Kepala Balai Taman Nasional Alas Purwo Rudijanta Tjahya Purnama mengatakan ombak G-Land sangat digemari peselancar. Menurut dia, ombak seperti ini terbentuk karena G-Land memiliki banyak palung laut dan dinding karang. "Kegiatan surfing paling ramai pada Maret-Oktober," kata Rudijanta kepada Tempo, Selasa pekan lalu.

G-Land, ujar dia, telah menggelar lomba selancar air tingkat internasional yang dikenal dengan "Banyuwangi G-Land International Team Challenge" sebanyak empat kali sejak 2003. Lomba itu diikuti 12 tim selancar air dari Australia, Prancis, Inggris, Amerika, Selandia Baru, dan Indonesia. "Kami akan terus menggelar kegiatan serupa untuk mempromosikan wisata ini," katanya.

Balai Taman Nasional bersama pemerintah Banyuwangi akan mulai memperbaiki jalan masuk tahun ini dengan anggaran Rp 4,3 miliar.

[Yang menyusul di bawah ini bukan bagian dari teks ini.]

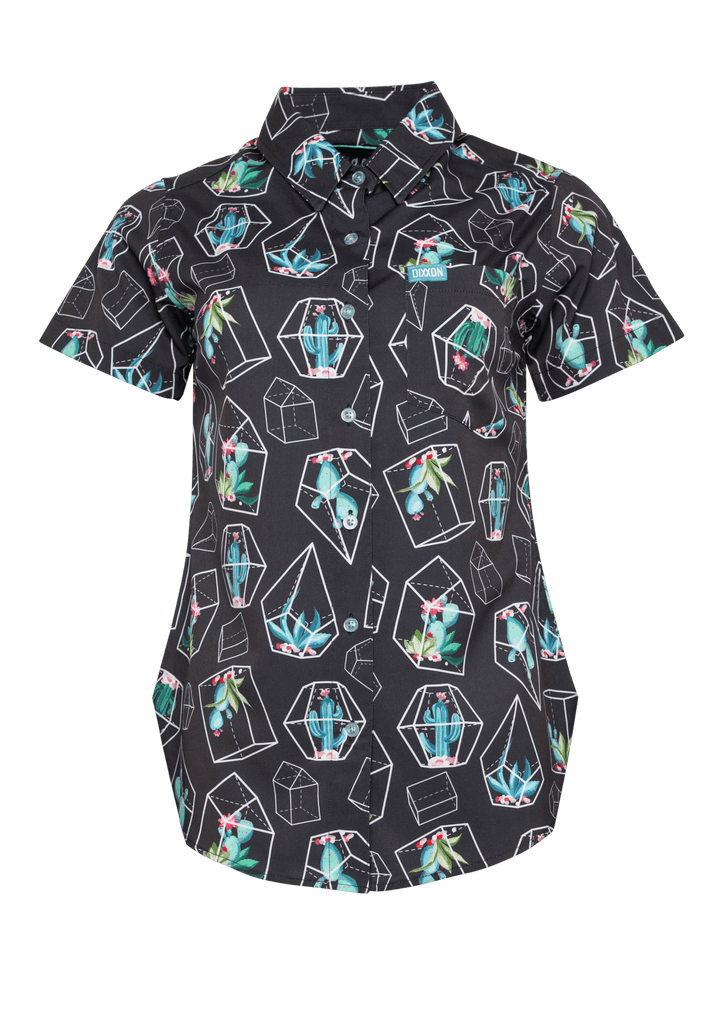 Women's Terror - ium Short Sleeve - Dixxon Flannel Co.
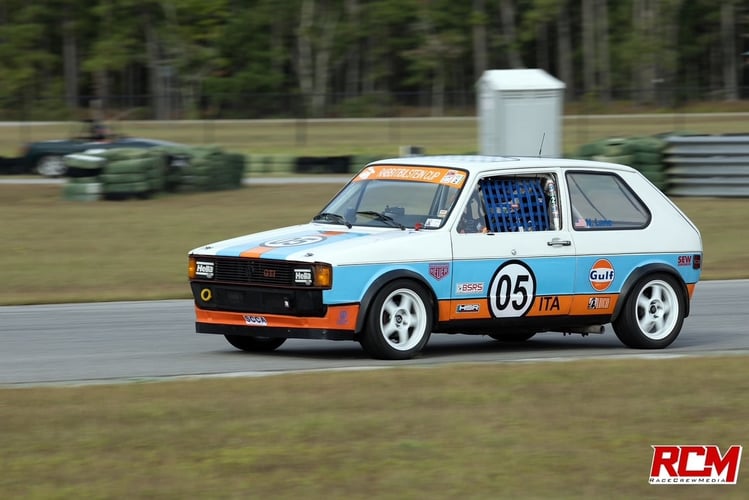 1984 Volkswagen Race Car - Rabbit GTI photo 5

Jalan yang biasanya hanya bisa dilalui kendaraan khusus kini bisa dilewati sepeda motor. Tak berhenti di situ, balai ini juga memiliki rencana membangun rel kereta wisata. "Namun kami masih menunggu investor," ujarnya.

Akses alat transportasi yang minim itu dimanfaatkan sejumlah biro perjalanan dengan menawarkan penyewaan mobil jenis jip. Menurut Kisma Donna Wijaya, pemilik jasa wisata Banyuwangi Information Corner, wisata­wan dapat menyewa jip dengan tarif Rp 750-950 ribu dari Banyuwangi. Kendaraan hanya diperbolehkan hingga Pos Pancur di kawasan Taman Nasional Alas Purwo.

Untuk perjalanan dari Pos Pancur menuju G-Land yang berjarak sembilan kilometer, pengunjung berjalan kaki. Bila tak ingin capek, Taman Nasional menyewakan kendaraan khusus dengan tarif Rp 150 ribu untuk perjalanan pulang-pergi. Sedangkan wisatawan dari Bali yang menuju G-Land bisa menggunakan kapal motor bertarif Rp 400 ribu. Tiket masuk untuk wisatawan Nusantara hanya Rp 2.500 per orang, sedangkan wisata­wan asing Rp 20 ribu per orang.

Wisatawan yang ingin bermalam di G-Land bisa tinggal di penginapan yang banyak berdiri di pinggir pantai. Kamar-kamar mungil yang disewakan dibangun dari bahan alami, seperti kayu, bambu, dan ijuk, dengan penerangan lampu minyak tanah. Tarif kamar bervariasi, mulai Rp 500 ribu hingga jutaan rupiah per malam.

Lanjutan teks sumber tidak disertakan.